• **SOURCE MATERIAL**:
=-=-=-=-=
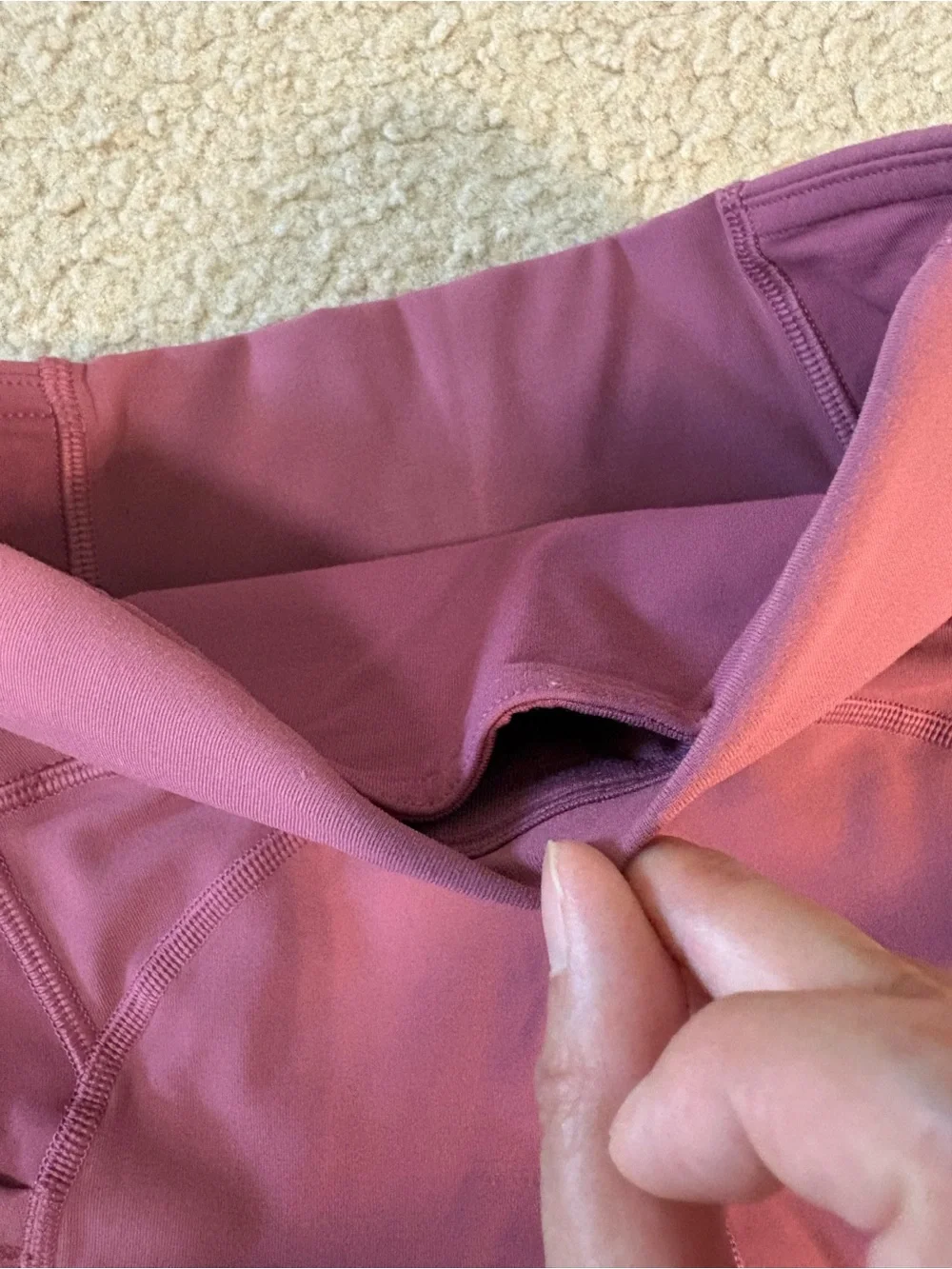 lululemon athletica measurements laid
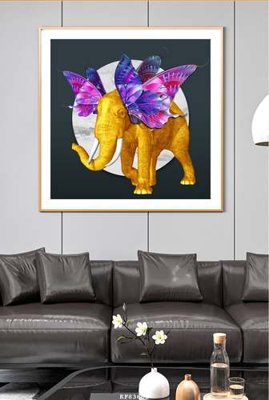 File tranh File tranh hiện đại pha lê gương KF83602 (ảnh gốc) in trần xuyên sáng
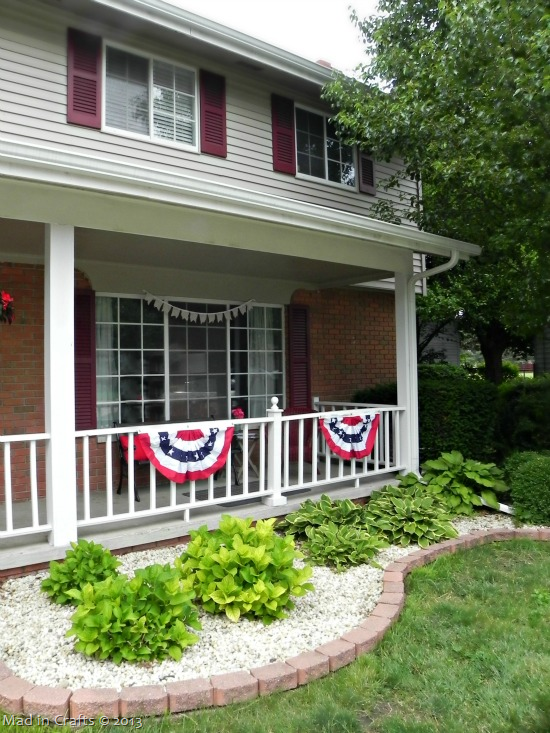 Front Porch with Buntings Front Porch with Buntings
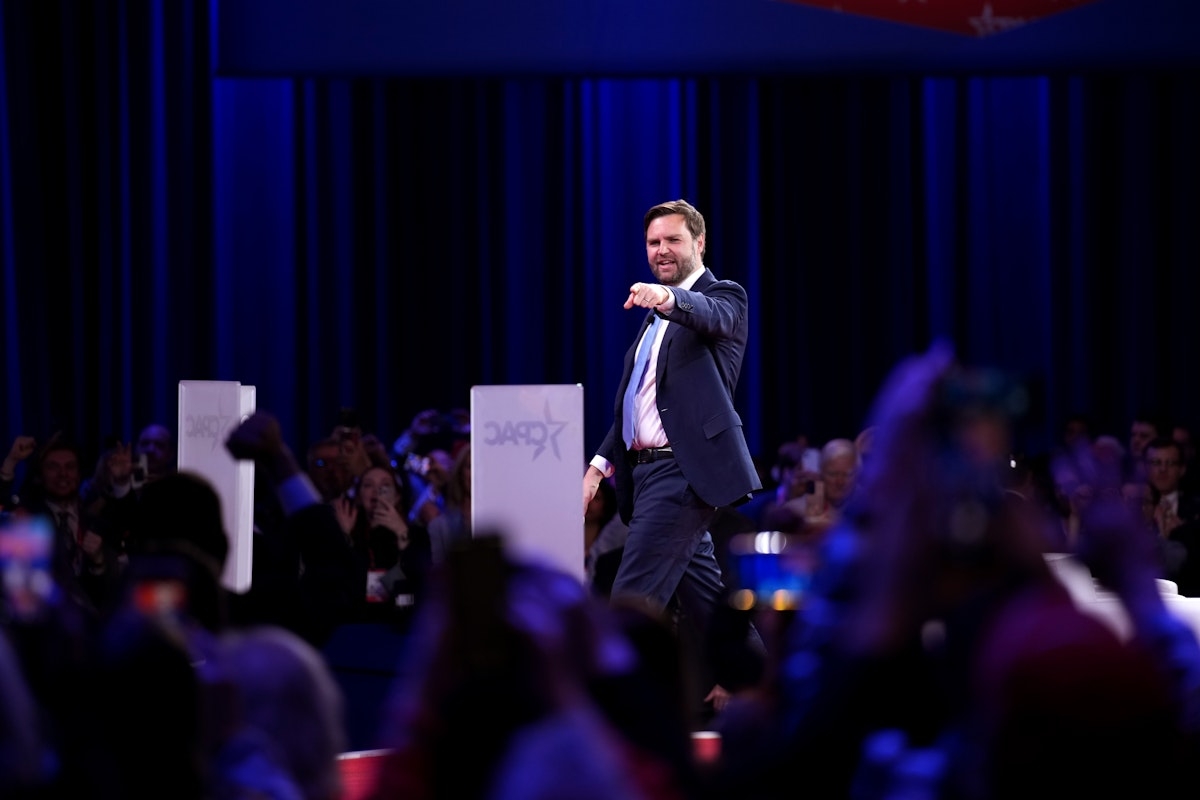 Deeply Unfunny Man JD Vance Says Telling Jokes Makes Him a Man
=-=-=-=-=
• **WHAT TO DO**: All of the data is to be transcribed exactly, with images omitted.

• **SOLUTION FOR THIS TASK**:
 lululemon athletica measurements laid
 File tranh File tranh hiện đại pha lê gương KF83602 (ảnh gốc) in trần xuyên sáng
 Front Porch with Buntings Front Porch with Buntings
 Deeply Unfunny Man JD Vance Says Telling Jokes Makes Him a Man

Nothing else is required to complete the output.